## Task item:
Starting at the line below with "Bees 'N Things Outdoor Carpenter Bee Trap" and stopping at the line with "Seeds4planting - Seeds", please print each line exactly, those two included, and skip every picture.

## Exercise input:
+---+

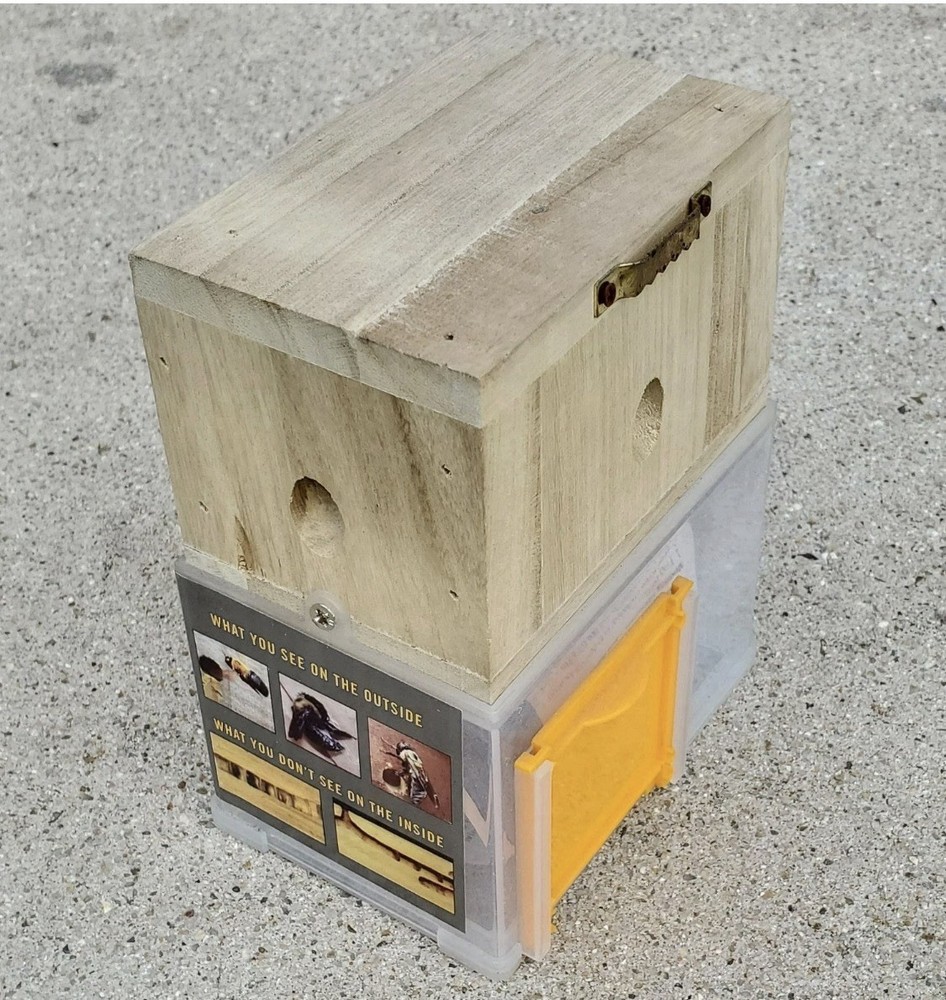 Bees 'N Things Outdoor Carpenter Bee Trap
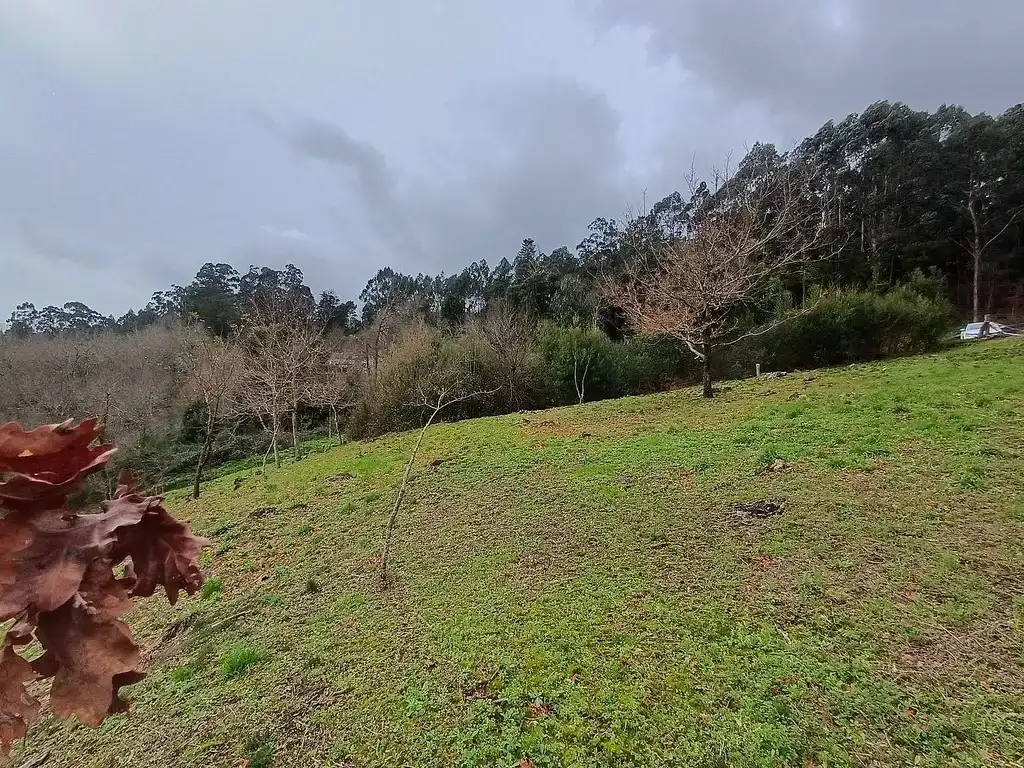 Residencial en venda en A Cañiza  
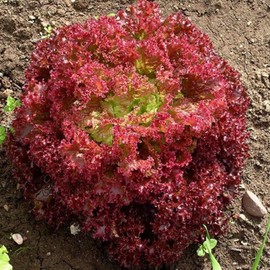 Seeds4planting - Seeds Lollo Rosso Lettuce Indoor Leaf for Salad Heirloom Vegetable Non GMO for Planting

+---+

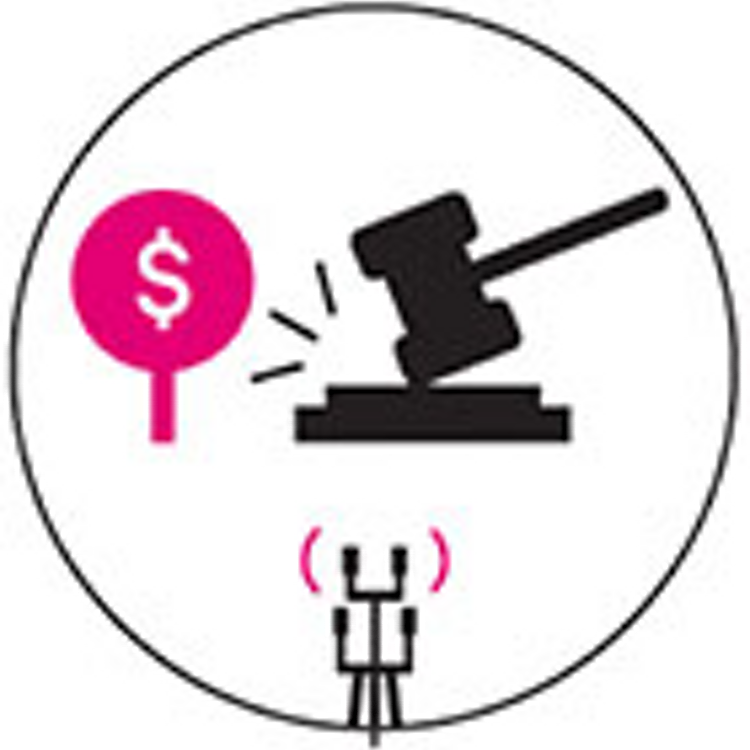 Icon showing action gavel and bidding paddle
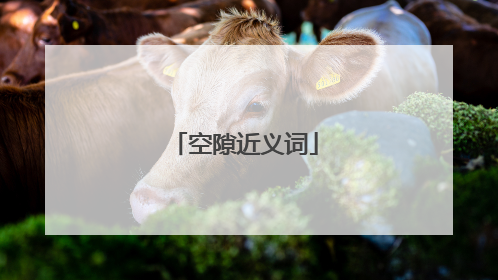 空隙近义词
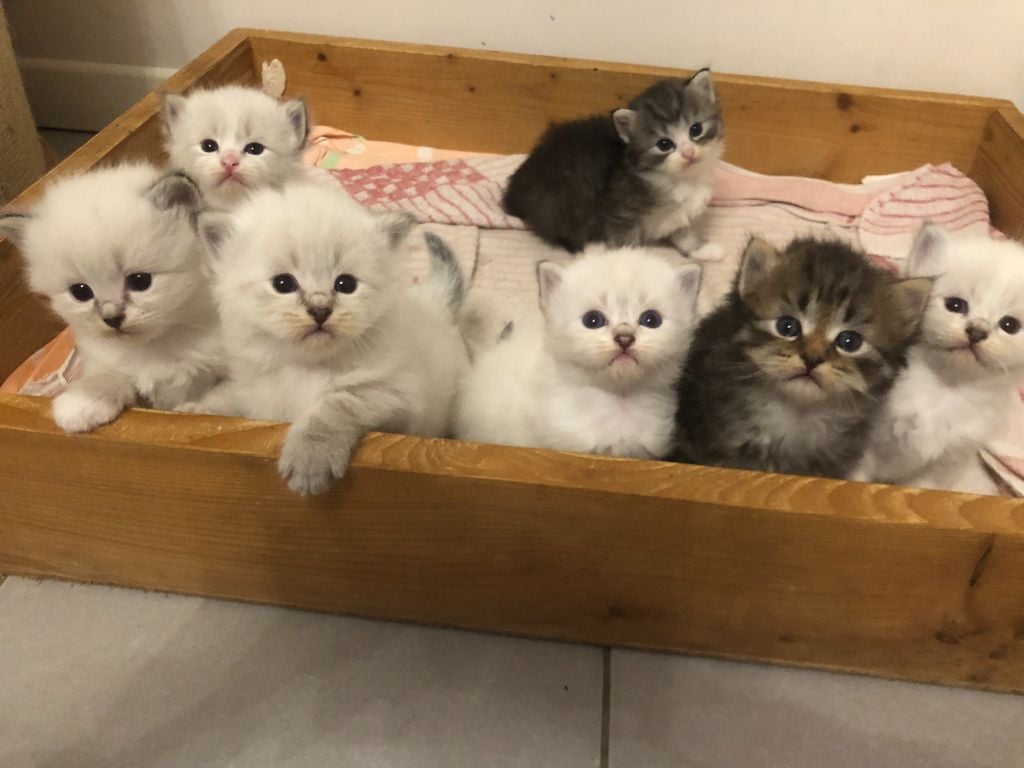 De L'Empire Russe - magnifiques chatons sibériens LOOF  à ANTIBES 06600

+---+

## Written response:
 Bees 'N Things Outdoor Carpenter Bee Trap
 Residencial en venda en A Cañiza  
 Seeds4planting - Seeds Lollo Rosso Lettuce Indoor Leaf for Salad Heirloom Vegetable Non GMO for Planting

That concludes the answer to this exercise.